An Ode to Carrie Bradshaw
(Note: This post was originally published on Alyssa's personal blog.)
There were so many questions that I dreaded during college: “How many slices of pizza did you have last night?” “Did you drunk text again?” “What are you doing after school?”
But the one I feared the most was this:
“What’s your dream job?”
I’ve had several “dream jobs” over the course of my lifetime, including: veterinarian, actress, singer, groupie, doctor (only because I had the Barbie doll who was dressed like a doctor), and the list goes on. And the most recent dream job, and dream life even, was that of (wait for it):
Which obviously, I wasn’t going to actually say to anyone, to tell them that I wanted to live my life based on a television show character. If you haven’t watched/heard of Sex and the City, (which should probably change right now…), Carrie is a charismatic, witty, and talented writer who lives in Manhattan. And I wanted that so badly; I wanted to freelance, wanted to make the “bright lights, big city” transition somewhere on the west coast, wanted to have it all figured out, and also wanted her to narrate my life in a voice over.
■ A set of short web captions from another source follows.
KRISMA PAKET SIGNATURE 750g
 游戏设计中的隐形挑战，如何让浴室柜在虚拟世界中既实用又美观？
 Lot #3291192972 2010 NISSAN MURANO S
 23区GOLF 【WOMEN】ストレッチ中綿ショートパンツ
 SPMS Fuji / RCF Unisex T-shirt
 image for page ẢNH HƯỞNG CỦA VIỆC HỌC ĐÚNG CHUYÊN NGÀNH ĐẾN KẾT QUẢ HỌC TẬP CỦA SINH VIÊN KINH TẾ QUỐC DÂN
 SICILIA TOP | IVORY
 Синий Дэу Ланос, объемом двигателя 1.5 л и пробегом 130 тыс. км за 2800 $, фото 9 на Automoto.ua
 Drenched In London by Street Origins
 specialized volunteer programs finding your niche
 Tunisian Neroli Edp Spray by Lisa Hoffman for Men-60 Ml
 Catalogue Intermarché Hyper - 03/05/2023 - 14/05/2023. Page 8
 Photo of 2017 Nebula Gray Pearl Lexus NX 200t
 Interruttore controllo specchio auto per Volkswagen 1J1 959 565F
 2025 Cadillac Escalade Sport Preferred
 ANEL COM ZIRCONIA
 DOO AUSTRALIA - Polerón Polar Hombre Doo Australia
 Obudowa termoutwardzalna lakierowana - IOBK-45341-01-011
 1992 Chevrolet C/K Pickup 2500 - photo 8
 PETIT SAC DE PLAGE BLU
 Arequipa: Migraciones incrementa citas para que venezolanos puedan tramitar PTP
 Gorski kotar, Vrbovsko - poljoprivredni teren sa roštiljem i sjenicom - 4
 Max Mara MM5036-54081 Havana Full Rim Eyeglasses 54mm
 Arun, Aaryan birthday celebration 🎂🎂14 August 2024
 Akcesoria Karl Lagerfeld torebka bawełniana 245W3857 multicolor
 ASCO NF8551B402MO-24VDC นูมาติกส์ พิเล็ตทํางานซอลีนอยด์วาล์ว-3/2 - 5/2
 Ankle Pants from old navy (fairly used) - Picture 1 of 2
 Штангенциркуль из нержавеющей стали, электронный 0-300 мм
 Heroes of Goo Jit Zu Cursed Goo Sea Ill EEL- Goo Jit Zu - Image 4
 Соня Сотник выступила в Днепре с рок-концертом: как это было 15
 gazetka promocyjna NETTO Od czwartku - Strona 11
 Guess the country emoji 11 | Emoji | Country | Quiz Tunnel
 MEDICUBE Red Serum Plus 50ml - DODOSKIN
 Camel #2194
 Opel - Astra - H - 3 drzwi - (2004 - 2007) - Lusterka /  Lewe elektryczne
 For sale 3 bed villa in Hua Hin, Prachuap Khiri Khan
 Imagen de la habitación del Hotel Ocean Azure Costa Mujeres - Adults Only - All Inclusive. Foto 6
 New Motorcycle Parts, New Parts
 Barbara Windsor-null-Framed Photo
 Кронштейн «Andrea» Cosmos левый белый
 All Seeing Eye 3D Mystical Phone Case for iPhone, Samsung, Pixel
While Carrie is about a million times cooler than I will ever be, it turned out that we had a lot in common; we both loved driving ourselves crazy with self-doubt, buying shoes, chasing after unattainable guys, and then writing it all down. And I, stubborn as the day is long, was convinced that this was the job I would have and the life I would lead after school, and I was heartbroken every time I tried in vain to find it.
It’s discouraging when you work something up in your head for so long and nothing comes of it; the moment I put something in there, I can’t let it go for the life of me. And it’s even more discouraging when you realize that what you want may not exactly be what you need. But John Steinbeck once wrote to his sons: “I have discovered that there are other rivers. A great many never come to know that there are other rivers.” I over-analyze literature like I over-analyze everything else, but what I took from this is that sometimes, we try to cling so hard onto what we know, simply because it’s what we know. But you have to allow your dreams to change so constantly because you are changing so constantly. There are other rivers, and other cities, and other places to grow in. And often, they are the ones you would never expect.
Did I ever see myself in marketing? Was this ever a dream job for me? No. Besides watching Mad Men which made me think I had a clue about advertising, I seriously would have never told you that this is where I would end up. I don’t have an analytical mind, I’m reserved, I couldn’t strike up the confidence to sell myself to you even if I wanted to, and if I tried to pitch you an idea, I would probably apologize for it afterwards.
Honestly, I never thought I would be in marketing. I never thought I would end up staying here. I never thought I would be writing for clients whose companies range from wine to cat litter. I never thought I would work among people who not only remind me to stay creative, but also encourage it. I never thought I would find a place where, after all of this time, I finally feel like I fit.
And I couldn’t help but wonder.
Maybe, if you’re lucky, you’ll find your dream job.
And maybe, if you’re even luckier, you won’t.